O filósofo e
o cantador
Yara Frateschi - Hobbes: a instituição do Estado
- In: Filósofos na sala de aula - Org. Vinicius de Figueiredo
(Berlendis editores, 2007)
- In: Filósofos na sala de aula - Org. Vinicius de Figueiredo
(Berlendis editores, 2007)
Patativa do Assaré - Cante lá que eu canto cá
(Editora Vozes, 2012)
(Editora Vozes, 2012)
O ponto de
partida da filosofia de Thomas Hobbes se baseia no fato de que nada
pode ser pior do que a guerra. Com efeito, para ele a guerra impede
o trabalho, o cultivo da terra, o comércio, o desenvolvimento técnico, o
conhecimento e as manifestações artísticas. A guerra destrói os laços de
sociabilidade, torna os homens desconfiados, cada um temendo todos os outros,
sempre na expectativa de que alguém vá roubar os seus bens, saquear a sua
propriedade, tirar a sua vida. Em tais circunstâncias todo homem é inimigo de
todo homem.
A partir
dessa contestação, Hobbes deduz que a guerra jamais poderá ser benéfica
para os homens. A sua filosofia tem a intenção de mostrar de que modo os
homens devem se organizar politicamente a fim de estabelecer a paz. Antes de
tudo é necessário investigar as razões que levam os homens ao conflito, afirma
Hobbes.
Como conhecer
o que causa uma guerra? O que faz os homens se comportarem de modo cruelmente
belicosos uns em relação aos outros? Primeiro essa pergunta deve ser respondida
para que se possa construir a paz. Para Hobbes, a guerra é o resultado
da soma de dois fatores: a natureza humana e a fraqueza do Estado. Por
tendência natural nós buscamos realizar o próprio bem e agimos motivados pelos
nossos próprios interesses. Toda ação voluntária é feita visando à obtenção de
algum beneficio para quem age.
Em uma
situação em que não há um poder comum capaz de estabelecer limites para a ação
e garantir a preservação da vida e dos bens de cada um, a solução dos conflitos
tende a se dar, não de modo pacífico, mas belicoso, já que todos os
homens naturalmente fazem tudo o que está ao seu alcance para preservar e
satisfazer os seus desejos, mesmo que isso custe o benefício, a vida ou os
desejos dos outros.
Por aqui se
vê que, para Hobbes, a única maneira de evitar a guerra será estabelecer um
poder bastante forte para impor limites às ações e evitar que as desavenças
sejam resolvidas pela violência.

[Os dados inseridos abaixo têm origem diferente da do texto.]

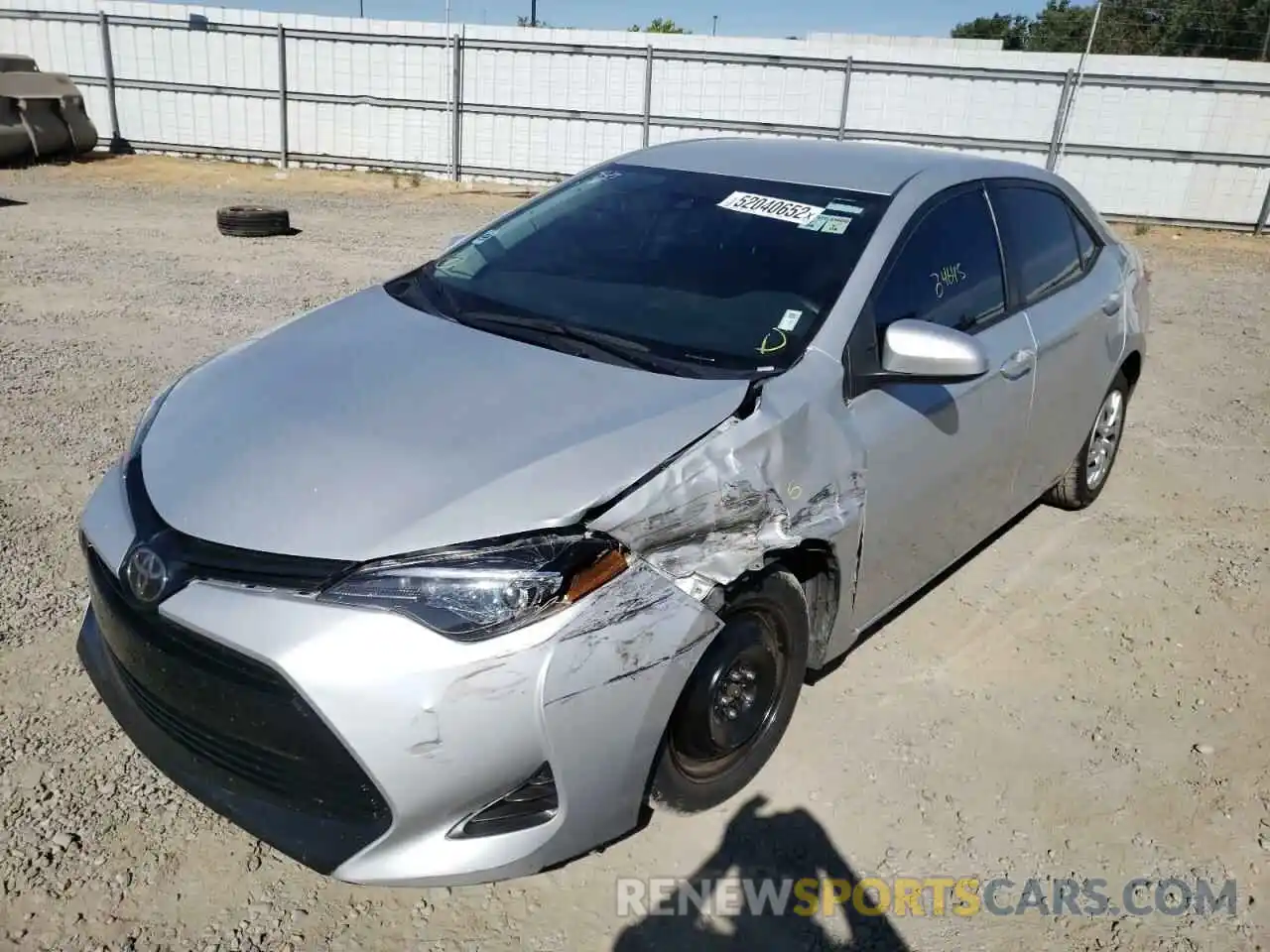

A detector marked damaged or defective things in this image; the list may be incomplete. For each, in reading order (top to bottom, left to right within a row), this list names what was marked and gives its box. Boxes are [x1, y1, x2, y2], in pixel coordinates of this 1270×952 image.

damaged toyota corolla [79, 137, 1153, 893]
damaged door panel [586, 350, 868, 669]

Muitos contemporâneos e sucessores de Hobbes o
criticaram duramente por dizer que os homens agem em nome do seu próprio
benefício e tendem naturalmente à guerra e não à associação.
O CANTADOR
Muitas
centenas de anos depois, em algum lugar do sertão cearense, Antonio Gonçalves
da Silva, poeta popular, nascido na Serra do Santana, interpretou as desgraças
da guerra de outro modo, mas com a mesma consistência social. Como o filósofo
Hobbes, o poeta Antonio Gonçalves sabe que a guerra rouba o bem estar coletivo,
transforma os sonhos em pó, os projetos de vida, atingindo sem distinção os
jovens e os idosos.
Só desgraças traz a guerra
Defendemos, pois, a paz.
Deve a paz sempre reinar
Em todo e qualquer sentido
Pois a guerra nos tem sido
A causadora do azar;
Rouba nosso bem estar
E o nosso sonho desfaz
Chora o ancião e o rapaz
Na hora que o canhão berra
Só desgraças traz a guerra
Defendemos, pois, a paz.
As mesmas desgraças que Hobbes registra ao impedir o cultivo da terra, prejudicar e paralisar o comércio, afetar seriamente – apesar dos “progressos" que, dizem, a guerra traz - afetar o desenvolvimento técnico, por fim, alterar as manifestações artísticas, uma vez que a temática se volta inexorável para o tema.
A paz é um bem comum
Que nos enche de prazer
Deve sempre florescer
No peito de cada um
Da guerra o triste zum-zum
É obra de Satanás
O vil inimigo audaz
Tudo destrói tudo aterra
Só desgraças traz a guerra
Defendemos, pois, a paz.
Por ser poeta, por ter uma previsão do mundo diferente dos demais, Antonio Gonçalves também há de lutar com moinhos de vento para ressaltar os malefícios que a guerra traz a uma simples amizade entre vizinhos, visto que a guerra destrói os laços de sociabilidade, torna os homens desconfiados, cada um temendo todos os outros, sempre na expectativa de que alguém vá roubar os seus bens, saquear a sua propriedade, tirar a sua vida.
A paz é a salvação
A vida e a felicidade
A guerra é a barbaridade
O luto a dor a aflição
A miséria e a traição
Como seu instinto mordaz;
Portanto a todos apraz
Implantar a paz na terra
Só desgraças traz a guerra
Defendemos, pois, a paz.
Em tais circunstâncias todo homem é inimigo de todo home – diz Hobbes. Hermann Hesse também, Anatole France, Thomas Mann também e inúmeros outros escritores e pensadores. Mas como convencer os políticos, militares e empresários que a guerra só traz desgraças? Voltemos ao sertão, à ilha deserta, aos oásis do Saara ou ao Sítio do Jenipapo, porque só nesses lugares teremos paz...
Fui certa noite cantar
No Sítio do Jenipapo
E ouvi lá um bate papo
Que me fez admirar;
Dizia à luz do luar
O velho Juca Tomaz:
Desde o vale até a serra
Só desgraças traz a guerra
Defendemos, pois, a paz.
1973.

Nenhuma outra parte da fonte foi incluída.